P.S. In case you missed it, check out my thoughts on Twilight and New Moon.
Aesthetically, the movie has made major moves into this decade from a sartorial and beauty standpoint. Exhibit A: I loved Rosalie Hale‘s devastating icy violet eye shadow. My guess is that it’s a NARS Night Fairy lookalike, if not that exact shade. STUNNING. I replicated the look this morning on myself.
The production value was vastly improved from both Twilight and New Moon. Eclipse also, refreshingly, makes fun of itself.

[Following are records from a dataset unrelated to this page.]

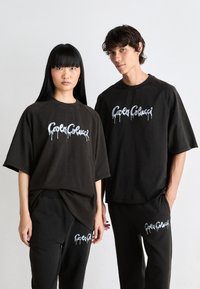 Zwarte oversized t-shirts en bijpassende sweatpants met witte, druppelende tekstgraphics. De stof lijkt zacht met een relaxte pasvorm en minimale naden.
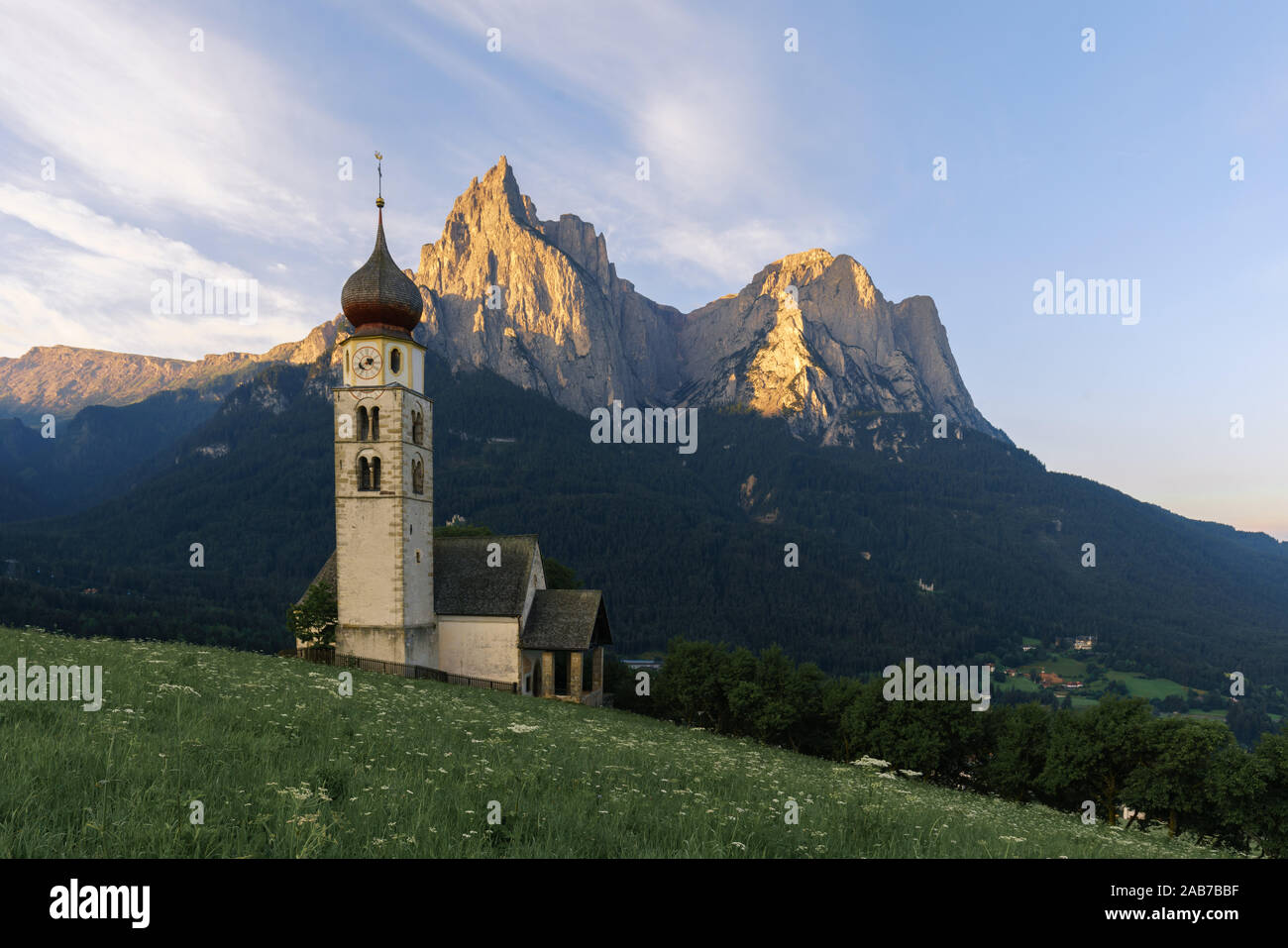 Paysages de Sunrise Eglise Saint Valentin sur une colline herbeuse avec vue sur pics accidentés de la montagne Schlern avec alpenglow en arrière-plan dans la vallée o Banque D'Images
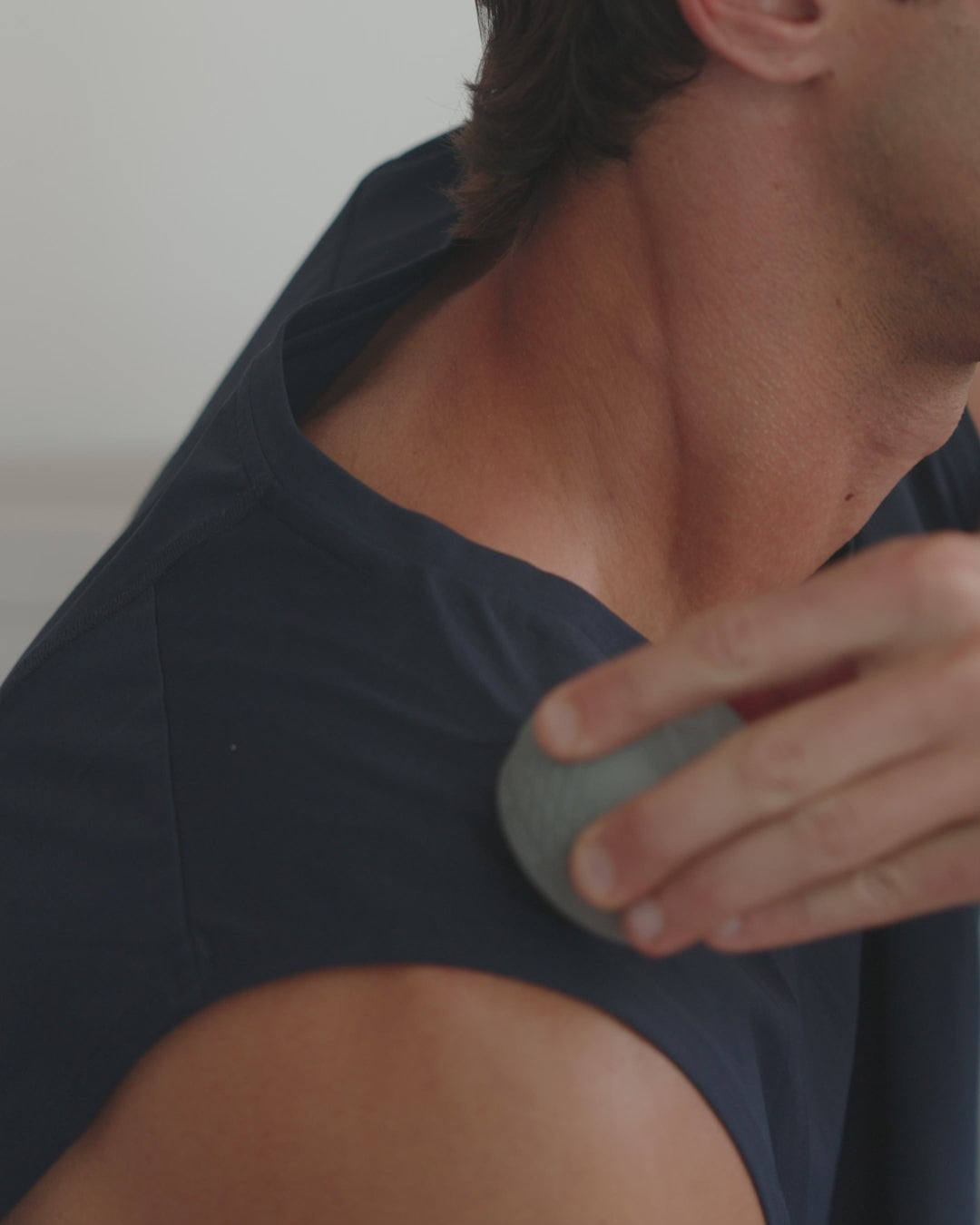 Video of man using using EQYP roll-on massager with textured outer shell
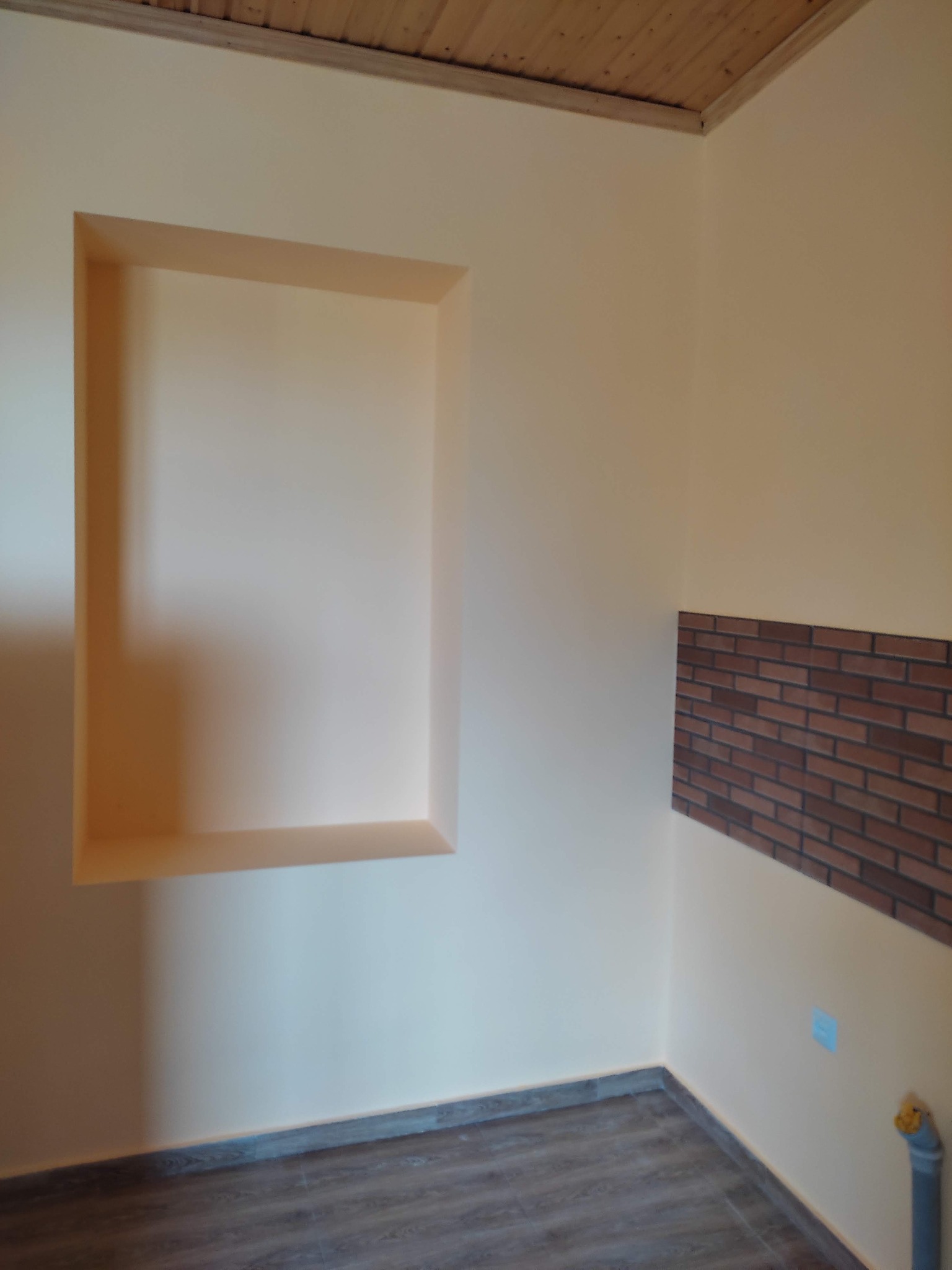 Wnęka w ścianie pomalowanej na kremowo, z fragmentem ściany wyłożonym cegiełkami i panelami podłogowymi w Bydgoszczy.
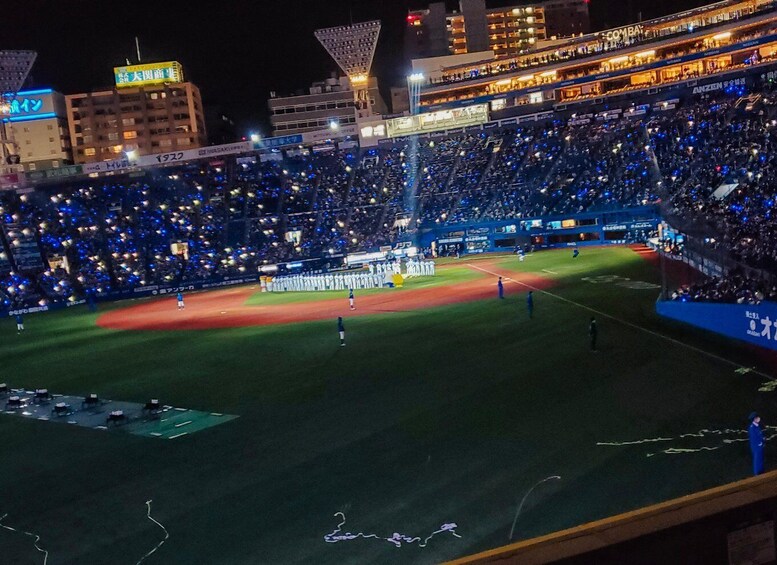 A baseball stadium at night with a crowd of spectators. 4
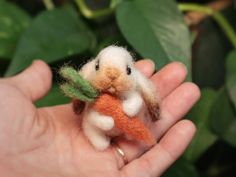 a hand holding a tiny stuffed animal with a carrot on it's back and green leaves in the background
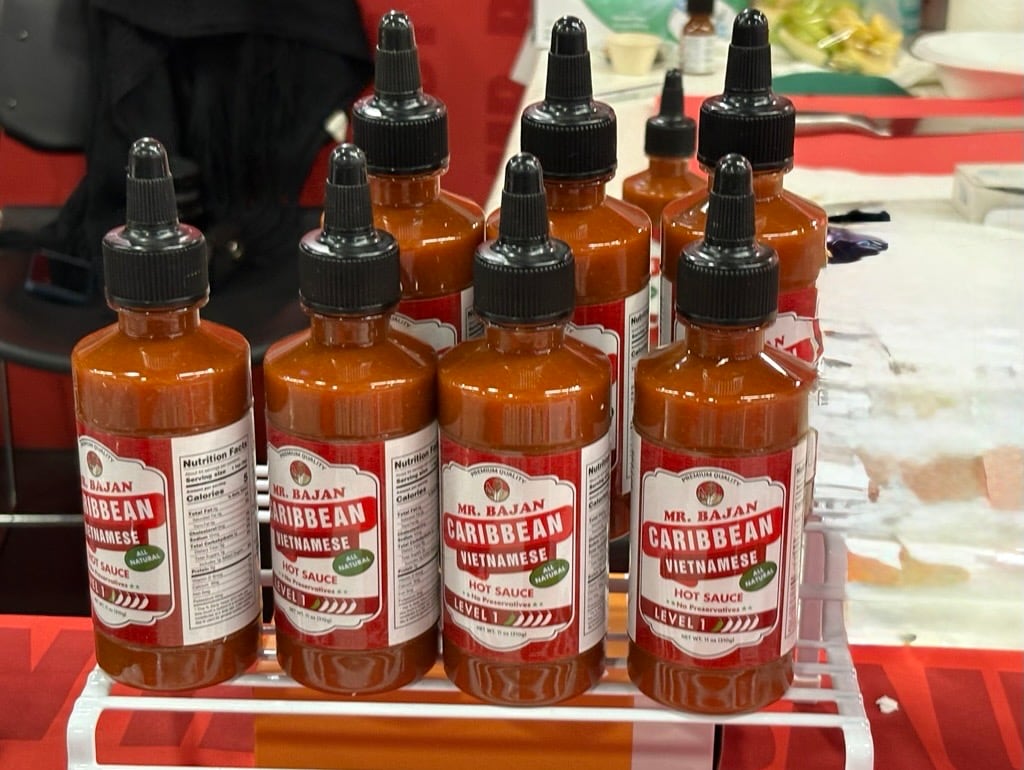 Lineup of Mr Bajan's hot sauces in Level 1 and Level 2 heat during Expo West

Kristen Stewart finally figuratively exfoliated herself of her annoying hair-twirling tic (and I say this as someone who occasionally twirls her hair). She also plays Bella in a far less annoying way. That said, I wish she’d break free, in the words of Freddie Mercury, from her ’90s fashion, which looks like leftover costumes from the set of My So-Called Life. And stop being a mouth-breather. And get a better WIG–wait, was this the section of stuff I liked? More on that later.
The somewhat hackneyed gentlemen of yore so prevalent in vampire fiction of which I never tire. Why? Because in contrast with these total douchebags we’re dealing with here, they’re the cultural equivalent of lemon sorbet. Case in point, see dialogue from the film. Bella is trying to convince Edward to sleep with her (can you blame a girl?) and Edward says: “I’m from a different era. Things were… less complicated. For instance, I was considered a man at eighteen. Had I met you then, I’d have courted you…. and called on you at home. We’d have taken chaperoned strolls, or had iced tea on the front porch. I might have even stolen a kiss or two. And after asking you father’s permission, I’d have gotten down on one knee.”
Chaperoned strolls? Having a drink (a non-alcholic one!) with a boy during the daytime hours–wait, he actually wants to have one BEFORE 11PM–with no funny business in mind? Consider me charmed.
The fact that the total queen next to me squealed “Slut!” when it was revealed that Edward was interested in PG activities while Bella was clearly into getting spicy.
The casting of Leah Clearwater–what a venomous ho, right?
So, so much shirtless TLaut, who’s now legal. Thank you, universe, for small pleasures.
Far more Architectural Digest scenes of the Cullens’ house–love!
The tent scene did not disappoint.
The Let’s Get Lost song by Beck & Bat for Lashes (clearly the best band name, ever) on the The Twilight Saga: Eclipse soundtrack is my new fave song. I listened to it on repeat my entire walk to work.
Jasper suddenly remembers he’s southern and uses this completely new accent with us.
Bella‘s wig–horrendous. There’s one scene where her hair is half-up and she may as well have asked a cat to sit on her head. It would have looked as real.
Edward has reinvented himself as Brandon Walsh with his VERY 90210 sideburns. A subtle nod to Bella’s ’90s aesthetic? Someone call Mrs. Beasley.
BDH (Bryce Dallas Howard) was totally miscast. She’s so NOT a villain. Rachelle Lefevre was IT–she performed that acrid, nefarious role with aplomb. She’s been replaced with a pretty girl with the total WRONG vibe. Dude, that’s Richie Cunningham‘s daughter. That’s all I could see.
The famous makeout scene DID disappoint. Give the people the full PG-13 rating they paid for. And by people, I mean me.
Overall though, it was definitely worth seeing: It actually exceeded my expectations. I’ll likely blow my allowance on a second viewing sometime this month in-theater. What did you think of the movie? Do tell!